I did STRAP + HPLR. Your math is correct there.
You need to account that HPLR is capped at $250k. It pays out $40k x 6 and $10k x 1. It doesn't make sense to take HPLR the last year.
It get really interesting if a Service Member (SM) takes STRAP/HPLR.
I'll you give you my example because I think it provides clarity. I did a 4 year residency with STRAP/HPLR. Thus I had the opportunity to use HPLR for 3 additional years after residency (4y x 40k done, 2y x 40k & 1y x 10k left). You have to apply for those years after residency. If a SM elects to utilize HPLR then STRAP payback will not begin until HPLR ends. I owed 8y for STRAP. If I would elected to use the last 3 years of STRAP after residency, my payback wouldn't have started until after I finished HPLR for a total of a 11y commitment (8y STRAP + 3y addl HPLR). I didn't do that and I am currently in STRAP payback (8y).
I know its confusing... sorry but I'm available for any questions...

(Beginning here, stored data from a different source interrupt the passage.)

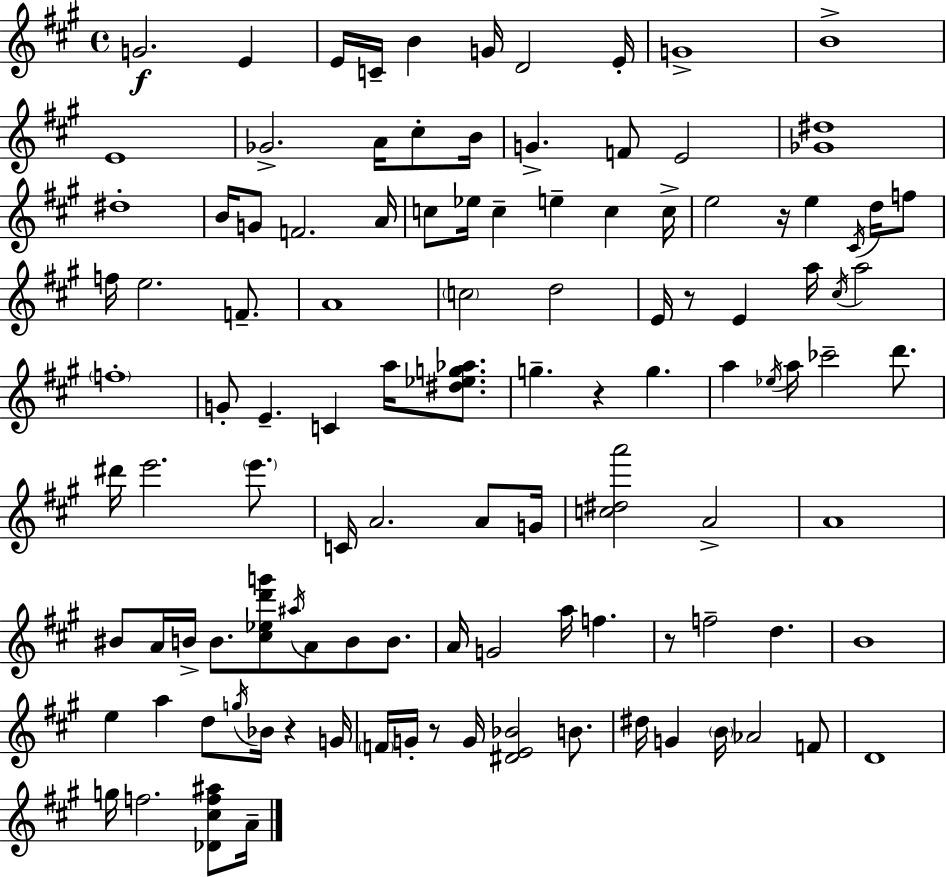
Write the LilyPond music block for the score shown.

{
  \clef treble
  \time 4/4
  \defaultTimeSignature
  \key a \major
  \repeat volta 2 { g'2.\f e'4 | e'16 c'16-- b'4 g'16 d'2 e'16-. | g'1-> | b'1-> | \break e'1 | ges'2.-> a'16 cis''8-. b'16 | g'4.-> f'8 e'2 | <ges' dis''>1 | \break dis''1-. | b'16 g'8 f'2. a'16 | c''8 ees''16 c''4-- e''4-- c''4 c''16-> | e''2 r16 e''4 \acciaccatura { cis'16 } d''16 f''8 | \break f''16 e''2. f'8.-- | a'1 | \parenthesize c''2 d''2 | e'16 r8 e'4 a''16 \acciaccatura { cis''16 } a''2 | \break \parenthesize f''1-. | g'8-. e'4.-- c'4 a''16 <dis'' ees'' g'' aes''>8. | g''4.-- r4 g''4. | a''4 \acciaccatura { ees''16 } a''16 ces'''2-- | \break d'''8. dis'''16 e'''2. | \parenthesize e'''8. c'16 a'2. | a'8 g'16 <c'' dis'' a'''>2 a'2-> | a'1 | \break bis'8 a'16 b'16-> b'8. <cis'' ees'' d''' g'''>8 \acciaccatura { ais''16 } a'8 b'8 | b'8. a'16 g'2 a''16 f''4. | r8 f''2-- d''4. | b'1 | \break e''4 a''4 d''8 \acciaccatura { g''16 } bes'16 | r4 g'16 \parenthesize f'16 g'16-. r8 g'16 <dis' e' bes'>2 | b'8. dis''16 g'4 \parenthesize b'16 aes'2 | f'8 d'1 | \break g''16 f''2. | <des' cis'' f'' ais''>8 a'16-- } \bar "|."
}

STRAP is less money. But as DeadCactus alluded to, money is "worth" more as a resident than an attending. The STRAP/drill money made it so that I had a comfortable residency financially. OP alluded to AT. One can drill during STRAP but its very unlikely the SM would do AT during residency.

Also, keep in mind that all benefits, including HPLR are taxed. For me personally, after state and federal taxes, my loan payments were ~$28k/y.
Since you're in a government payback program you have the option to into forbearance. I don't necessarily recommend it but it's not the worst thing you can do.

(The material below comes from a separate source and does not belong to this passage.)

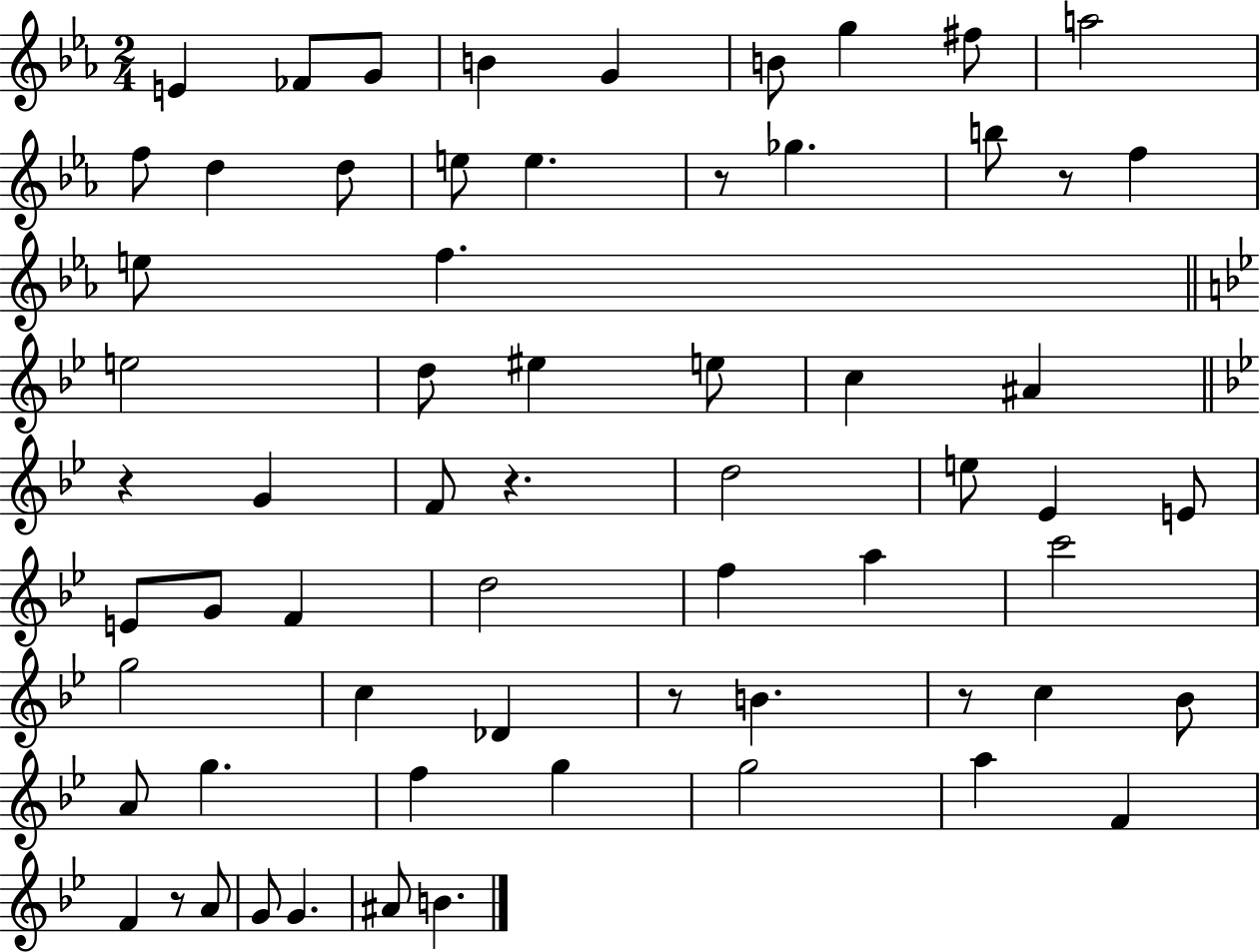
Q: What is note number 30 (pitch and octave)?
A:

Sorry if that's a lot of info. There are two things that I think you should consider strongly that you haven't mentioned.
1) Healthcare -- Tricare Reserve Select healthcare is really cheap and provides excellent coverage.
2) Good years. I was prior service prior to medical school. One of the biggest benefits of STRAP is that the SM can drill thus accruing good year (AKA years that count towards retirement). If one is strongly inclined to staying in for 20 years I would argue STRAP is a better program than waiting.

Also, FY20 bonus for Psych (60W) is $25k annually, thus you would utilize HPLR first. I don't have data for FY21.

Hope this helps.
Please reach out if you have any questions.